Prompt: For the entries below, state how many lines contain the word "exercise" and add nothing else.

Collection entries
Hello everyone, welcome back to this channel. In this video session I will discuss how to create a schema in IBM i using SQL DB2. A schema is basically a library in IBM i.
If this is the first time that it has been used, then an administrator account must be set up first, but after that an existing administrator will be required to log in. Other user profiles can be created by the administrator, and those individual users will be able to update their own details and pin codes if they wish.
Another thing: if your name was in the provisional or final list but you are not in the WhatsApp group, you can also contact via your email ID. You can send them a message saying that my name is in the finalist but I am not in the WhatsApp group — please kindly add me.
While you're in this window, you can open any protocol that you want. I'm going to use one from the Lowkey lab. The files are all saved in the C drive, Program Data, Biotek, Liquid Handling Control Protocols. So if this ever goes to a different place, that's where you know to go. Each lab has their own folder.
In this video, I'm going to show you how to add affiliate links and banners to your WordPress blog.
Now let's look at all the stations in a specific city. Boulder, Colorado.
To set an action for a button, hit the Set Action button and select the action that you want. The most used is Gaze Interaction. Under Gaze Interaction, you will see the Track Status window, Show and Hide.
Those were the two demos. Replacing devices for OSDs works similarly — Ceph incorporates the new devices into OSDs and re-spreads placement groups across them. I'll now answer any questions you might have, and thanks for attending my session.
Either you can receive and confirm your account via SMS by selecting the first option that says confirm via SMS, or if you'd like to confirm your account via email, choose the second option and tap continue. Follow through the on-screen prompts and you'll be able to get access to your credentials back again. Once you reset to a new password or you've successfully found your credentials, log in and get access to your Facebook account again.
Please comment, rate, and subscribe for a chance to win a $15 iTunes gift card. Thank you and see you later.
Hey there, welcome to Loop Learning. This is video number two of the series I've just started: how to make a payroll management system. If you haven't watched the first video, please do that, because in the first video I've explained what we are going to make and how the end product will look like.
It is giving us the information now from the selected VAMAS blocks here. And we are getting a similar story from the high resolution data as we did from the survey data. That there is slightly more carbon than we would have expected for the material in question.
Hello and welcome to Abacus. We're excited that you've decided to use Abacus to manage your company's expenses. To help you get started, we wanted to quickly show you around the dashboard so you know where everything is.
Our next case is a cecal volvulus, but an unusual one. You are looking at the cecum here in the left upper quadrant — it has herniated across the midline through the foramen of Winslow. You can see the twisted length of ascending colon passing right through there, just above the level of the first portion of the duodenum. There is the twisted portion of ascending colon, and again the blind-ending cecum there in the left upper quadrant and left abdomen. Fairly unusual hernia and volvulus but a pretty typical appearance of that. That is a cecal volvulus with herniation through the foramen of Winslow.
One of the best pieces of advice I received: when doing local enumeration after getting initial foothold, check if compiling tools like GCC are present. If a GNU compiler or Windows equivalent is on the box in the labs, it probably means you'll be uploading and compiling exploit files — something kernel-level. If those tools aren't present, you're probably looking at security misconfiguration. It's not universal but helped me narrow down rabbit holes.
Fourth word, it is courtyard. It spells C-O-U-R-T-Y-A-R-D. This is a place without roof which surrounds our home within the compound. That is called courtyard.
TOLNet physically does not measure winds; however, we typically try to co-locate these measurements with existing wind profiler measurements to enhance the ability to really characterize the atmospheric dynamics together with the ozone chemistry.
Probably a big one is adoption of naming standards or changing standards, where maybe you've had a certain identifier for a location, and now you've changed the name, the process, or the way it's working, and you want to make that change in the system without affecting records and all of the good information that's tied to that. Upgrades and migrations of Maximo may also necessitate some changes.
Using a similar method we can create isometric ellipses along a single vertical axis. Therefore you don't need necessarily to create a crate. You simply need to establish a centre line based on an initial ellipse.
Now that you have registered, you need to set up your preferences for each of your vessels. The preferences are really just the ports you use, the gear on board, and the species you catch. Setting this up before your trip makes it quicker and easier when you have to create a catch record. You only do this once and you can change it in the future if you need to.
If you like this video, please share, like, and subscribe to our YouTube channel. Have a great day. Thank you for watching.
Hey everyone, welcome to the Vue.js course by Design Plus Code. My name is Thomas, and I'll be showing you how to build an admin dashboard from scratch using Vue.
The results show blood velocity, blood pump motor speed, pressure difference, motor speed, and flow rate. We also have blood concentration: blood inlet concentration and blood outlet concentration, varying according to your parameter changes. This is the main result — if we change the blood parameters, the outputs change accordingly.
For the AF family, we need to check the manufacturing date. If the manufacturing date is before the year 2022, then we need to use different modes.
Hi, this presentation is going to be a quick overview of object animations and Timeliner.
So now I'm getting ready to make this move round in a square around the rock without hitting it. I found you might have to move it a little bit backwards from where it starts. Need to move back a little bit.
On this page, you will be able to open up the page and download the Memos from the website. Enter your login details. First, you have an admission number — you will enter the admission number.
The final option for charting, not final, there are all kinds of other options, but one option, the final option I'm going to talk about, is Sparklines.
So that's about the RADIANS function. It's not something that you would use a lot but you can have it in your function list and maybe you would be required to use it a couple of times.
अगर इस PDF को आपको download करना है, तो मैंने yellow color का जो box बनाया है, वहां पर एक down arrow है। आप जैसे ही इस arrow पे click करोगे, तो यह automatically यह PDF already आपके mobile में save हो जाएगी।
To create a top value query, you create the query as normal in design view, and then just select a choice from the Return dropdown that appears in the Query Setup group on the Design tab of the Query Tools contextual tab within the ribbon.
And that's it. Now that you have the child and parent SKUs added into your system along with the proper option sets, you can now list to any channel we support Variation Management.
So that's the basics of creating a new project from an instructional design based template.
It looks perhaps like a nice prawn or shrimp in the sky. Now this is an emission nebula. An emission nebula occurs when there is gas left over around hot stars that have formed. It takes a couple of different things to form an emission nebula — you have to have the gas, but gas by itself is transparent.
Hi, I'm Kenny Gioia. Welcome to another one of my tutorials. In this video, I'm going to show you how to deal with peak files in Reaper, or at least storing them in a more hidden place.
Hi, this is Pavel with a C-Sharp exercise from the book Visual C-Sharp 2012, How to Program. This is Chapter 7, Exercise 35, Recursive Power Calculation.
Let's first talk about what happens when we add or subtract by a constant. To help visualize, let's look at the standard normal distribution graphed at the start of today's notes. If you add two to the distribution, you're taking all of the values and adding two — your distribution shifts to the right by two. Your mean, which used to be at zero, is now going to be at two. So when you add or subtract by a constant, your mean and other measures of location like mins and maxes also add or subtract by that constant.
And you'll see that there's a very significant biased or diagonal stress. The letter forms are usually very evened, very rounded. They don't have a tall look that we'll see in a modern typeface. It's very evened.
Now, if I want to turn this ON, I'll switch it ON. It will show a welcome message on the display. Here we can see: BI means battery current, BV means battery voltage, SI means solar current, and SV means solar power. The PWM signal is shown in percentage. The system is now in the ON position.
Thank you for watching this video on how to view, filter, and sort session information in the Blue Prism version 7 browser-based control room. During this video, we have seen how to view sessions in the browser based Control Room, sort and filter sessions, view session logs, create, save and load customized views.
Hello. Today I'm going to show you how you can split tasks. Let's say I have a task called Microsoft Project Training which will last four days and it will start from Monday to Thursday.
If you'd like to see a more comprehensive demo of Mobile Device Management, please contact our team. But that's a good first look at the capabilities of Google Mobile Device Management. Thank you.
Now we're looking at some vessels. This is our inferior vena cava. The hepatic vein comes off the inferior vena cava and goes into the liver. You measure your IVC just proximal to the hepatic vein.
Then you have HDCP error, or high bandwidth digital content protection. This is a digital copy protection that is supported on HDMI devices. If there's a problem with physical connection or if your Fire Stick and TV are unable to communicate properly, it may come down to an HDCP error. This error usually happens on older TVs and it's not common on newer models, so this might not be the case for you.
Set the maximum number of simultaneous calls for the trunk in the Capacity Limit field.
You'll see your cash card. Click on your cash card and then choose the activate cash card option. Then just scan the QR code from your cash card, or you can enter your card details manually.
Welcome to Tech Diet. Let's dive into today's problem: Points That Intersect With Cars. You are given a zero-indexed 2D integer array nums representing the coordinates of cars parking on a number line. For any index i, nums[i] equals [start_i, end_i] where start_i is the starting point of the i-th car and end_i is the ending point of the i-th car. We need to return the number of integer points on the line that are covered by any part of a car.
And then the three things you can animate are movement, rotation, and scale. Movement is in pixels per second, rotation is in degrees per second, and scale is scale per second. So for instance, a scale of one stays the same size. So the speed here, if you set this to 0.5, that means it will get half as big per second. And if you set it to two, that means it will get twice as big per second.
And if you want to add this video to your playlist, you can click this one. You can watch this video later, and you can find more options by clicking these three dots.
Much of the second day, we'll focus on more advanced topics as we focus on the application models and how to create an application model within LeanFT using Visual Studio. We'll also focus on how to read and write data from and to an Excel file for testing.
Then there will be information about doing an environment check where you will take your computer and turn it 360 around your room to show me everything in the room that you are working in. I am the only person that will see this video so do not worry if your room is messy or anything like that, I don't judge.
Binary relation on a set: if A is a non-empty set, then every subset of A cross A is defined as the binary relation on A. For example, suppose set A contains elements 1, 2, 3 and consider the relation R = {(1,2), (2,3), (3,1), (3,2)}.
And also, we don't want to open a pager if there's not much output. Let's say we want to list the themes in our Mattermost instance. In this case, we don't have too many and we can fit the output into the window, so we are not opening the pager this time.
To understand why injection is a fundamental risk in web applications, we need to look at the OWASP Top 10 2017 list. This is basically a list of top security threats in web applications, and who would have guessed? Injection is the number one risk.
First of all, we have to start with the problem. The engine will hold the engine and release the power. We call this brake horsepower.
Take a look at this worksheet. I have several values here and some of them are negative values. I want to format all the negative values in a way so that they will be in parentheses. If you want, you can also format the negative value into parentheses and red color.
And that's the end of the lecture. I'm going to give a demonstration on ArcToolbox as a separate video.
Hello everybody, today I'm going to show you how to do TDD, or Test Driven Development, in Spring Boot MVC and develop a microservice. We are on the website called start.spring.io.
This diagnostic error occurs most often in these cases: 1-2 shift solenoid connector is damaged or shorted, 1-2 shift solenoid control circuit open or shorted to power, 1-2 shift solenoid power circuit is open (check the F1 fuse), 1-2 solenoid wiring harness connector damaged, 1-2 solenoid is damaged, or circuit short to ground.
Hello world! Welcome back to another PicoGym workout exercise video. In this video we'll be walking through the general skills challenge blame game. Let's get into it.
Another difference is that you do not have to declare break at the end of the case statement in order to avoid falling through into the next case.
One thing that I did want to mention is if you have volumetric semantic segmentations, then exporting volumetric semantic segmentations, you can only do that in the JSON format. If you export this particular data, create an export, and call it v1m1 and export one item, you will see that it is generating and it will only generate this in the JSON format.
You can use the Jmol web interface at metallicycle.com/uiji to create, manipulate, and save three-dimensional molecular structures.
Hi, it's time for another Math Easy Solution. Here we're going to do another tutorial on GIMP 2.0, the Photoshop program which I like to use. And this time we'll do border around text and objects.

Solution to this problem: 2